What I accomplished in my Superintendent role at Jewell:

  • I guided the district through a mission and vision development process that defined a set of guiding beliefs and became our foundation in decision-making.
  • Reduced overall expenditures by $680,000 dollars in the first fiscal year, reducing expenditures from reserves by 60%.
  • Worked collaboratively with the teaching staff and families to build a sustainable multi-aged classroom instruction model, saving 30% in payroll costs in two years.
  • As Special Education Director I worked closely with our special education teacher and our ESD partners to implement standards based IEP goals and improve classroom access for all special needs students.
  • As Federal Programs Director I worked closely with the USDOE to implement a grant to improve our school’s technology capacity for distance learning. I re-established the Title-I program with the help of Oregon Department of Education.
  • Worked with school board members and the Oregon School Boards Association to develop process and procedures to improve board meeting productivity.
  • Twice we negotiated new contracts with the licensed and classified bargaining units that supported more sustainable economic commitment on all sides.
  • Worked with both associations to modify the teacher evaluation process to include annual and bi-annual plans for professional development aligned with district goals.
  • Managed the planning, bid and construction process of a number of projects from completing our new school, to building a water treatment facility for the school’s properties.

I served as Superintendent/Principal, Curriculum/Instruction and assessment lead, Human Resources Director, Federal Programs Director and Special Education Director for Jewell. I came into Jewell in 2009 as the seventh superintendent in 26-months. My predecessor (an interim) was hired to clear up an extensive ethics and fraud case, but his business experience did not include curriculum and instruction. I was the next leg of the school reform process, organizing the instruction and curriculum practices for the district while bringing the budget back into line with revenues. I cautiously waded into an environment where two board members had just been recalled and my predecessor was attacked as “only being interested in doing financial things and not praising the staff enough.” It was a challenging environment. I hoped my leadership would not befall the same fate.

In the first two years we focused on curriculum as that is my specialty, and we made extensive gains in student performance on both local and state measures. We instituted new curriculums in reading, mathematics, science, social studies, library media, music and advanced placement options. We also did extensive trainings in instructional practice and linked trainings opportunities to annual teacher evaluation plans, well before Oregon went to SB90 as part of the ESEA wavier.

When the School Board was determined to cut 1.0 million from the 6.0 million dollar budget in 12 months the staff voiced resentment. However, in the end our students were successful because of our willingness to put students first, take a close look at our curriculum, visit other schools and challenge ourselves, and to maximize student experiences.

Small schools have to be creative and Jewell had the resources and the willingness to reflect on our practices. We were successful in moving to multi-age classrooms because of our commitment to upgrading our curriculum by using research based practices, and a willingness to look outside of our traditions to meet financial needs of the district. It helped immensely that the multi-aged model fit with many of our district’s guiding beliefs.

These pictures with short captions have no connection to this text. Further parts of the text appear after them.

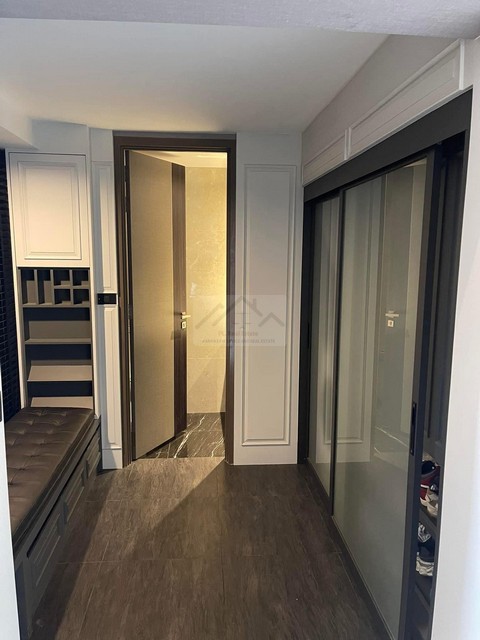 ขายทาวน์โฮมหรู 3.5 ชั้น 254 ตรม.The Eight จตุจักร-รัชดา ลาดพร้าว ซอย1 ใกล้เซ็นทรัล ลาดพร้าว *** ราคาขาย 23.5 ล้านบาท*** ราคาเช่า 130,000 บาท/เดือน  ติดต่อ:: ชยา โทร/ID Line:: 0942823961   Link Line:: https://line.me/ti/p/3xFA1An8Kcรหัส# T26-083ทาวน์โฮมหรู 3.5 ชั้น The Eight จตุจักร-รัชดา สไตล์โมเดิร์น Privacy Residence ( บ้านใหม่ )  - เนื้อที่ 27.5 ตรว.- พื้นที่ใช้สอย 254 ตรม.- 3 ห้องนอน 4 ห้องน้ำ- 2 ที่จอดรถ ประตูอัตโนมัติทุกจุด- เพดานสูง Double Volume- บ้านหันหน้าทิศใต้ ไม่ร้อ�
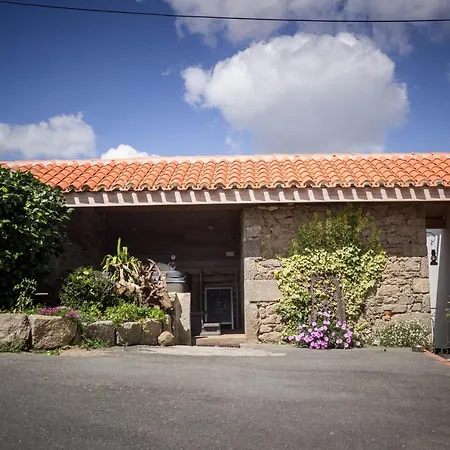 Domaine Des Fees منزل للإقامة *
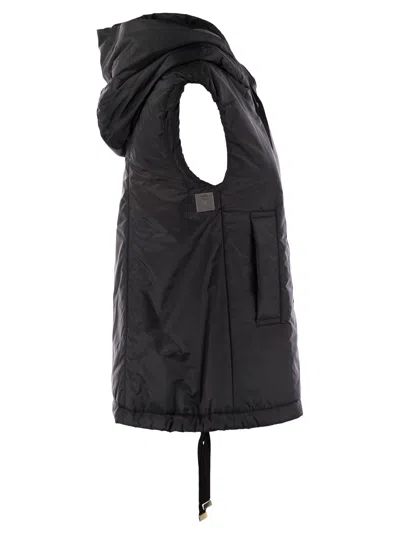Maxmara The Cube Max Mara The Cube Greengo Sleeveless In Drip Proof Technical Fabric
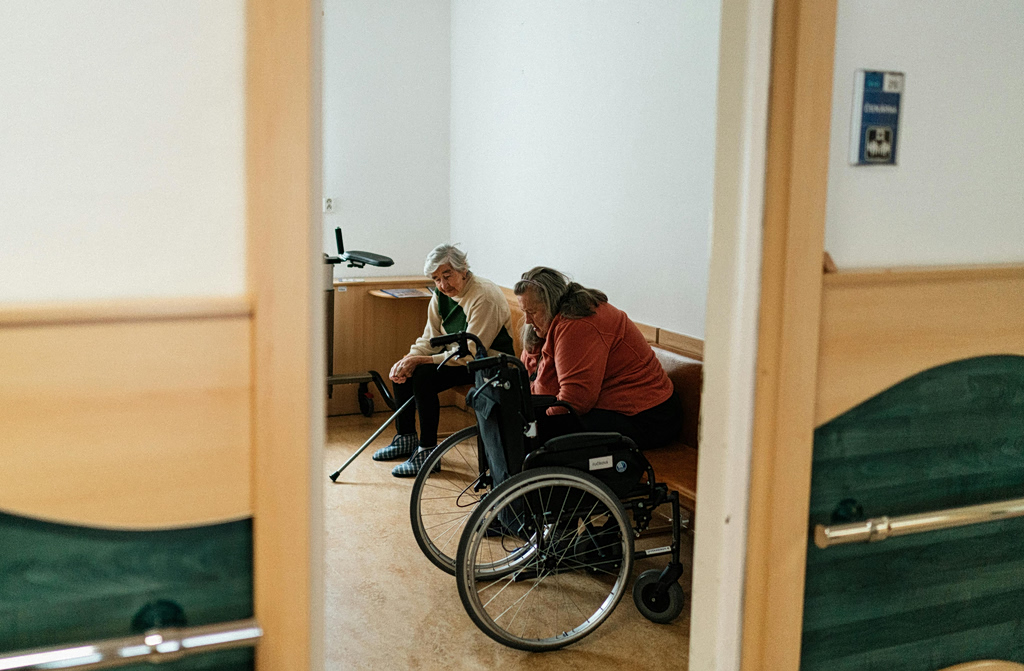 Αμπελόκηποι: Έφοδος σε παράνομο γηροκομείο – 4 ηλικιωμένες ζούσαν υπό άθλιες συνθήκες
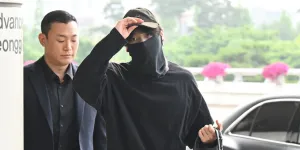 Jungkook BTS Berangkat ke Jepang, Ganteng Meski Wajah Tertutup Masker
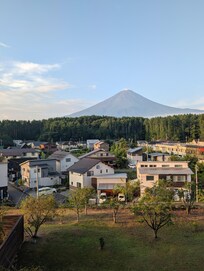 部屋から朝の富士山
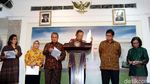 3 Menteri Luncurkan Paket Kebijakan Ekonomi Baru Jokowi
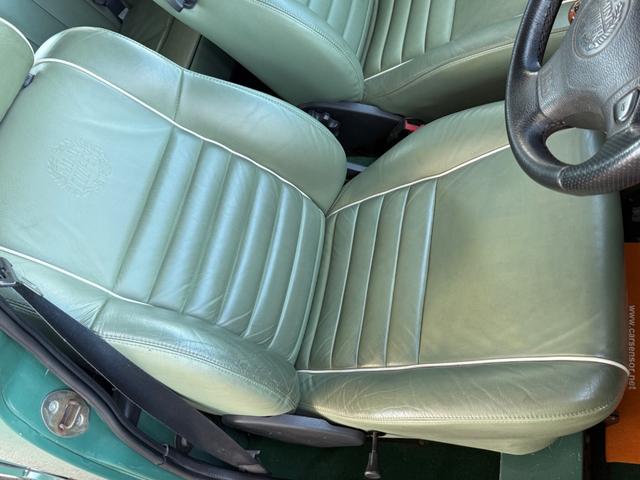 全国販売承っております。遠方陸送やＷＥＢ商談可能です！！ＷＥＢにて現車の外装内装隅々までご案内が可能となっており大変ご好評頂いております！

There are four things that Jewell brought out in my leadership skills:

  • My organization and support of the vision and mission development process produced what I feel is the best set of guiding beliefs I have seen for influencing the decision making process.
  • I developed transparency of our budget process by gaining a complete grasp of the budgeting process, from projection to spending. With the support of our ESD partner I trained a hardworking but novice budget manager to communicate effectively with our Board members.
  • Contract negotiations when you are both the principal and the superintendent forces a teaching community to rely on faith and trust that all parties can return to their “day job” and leave the business of negotiations behind.
  • The pace at which the standards movement has moved through small districts has worn down educators that already wear many hats. Leadership must be careful to allow independent people to maintain their autonomy while moving them in directions they may not want to head.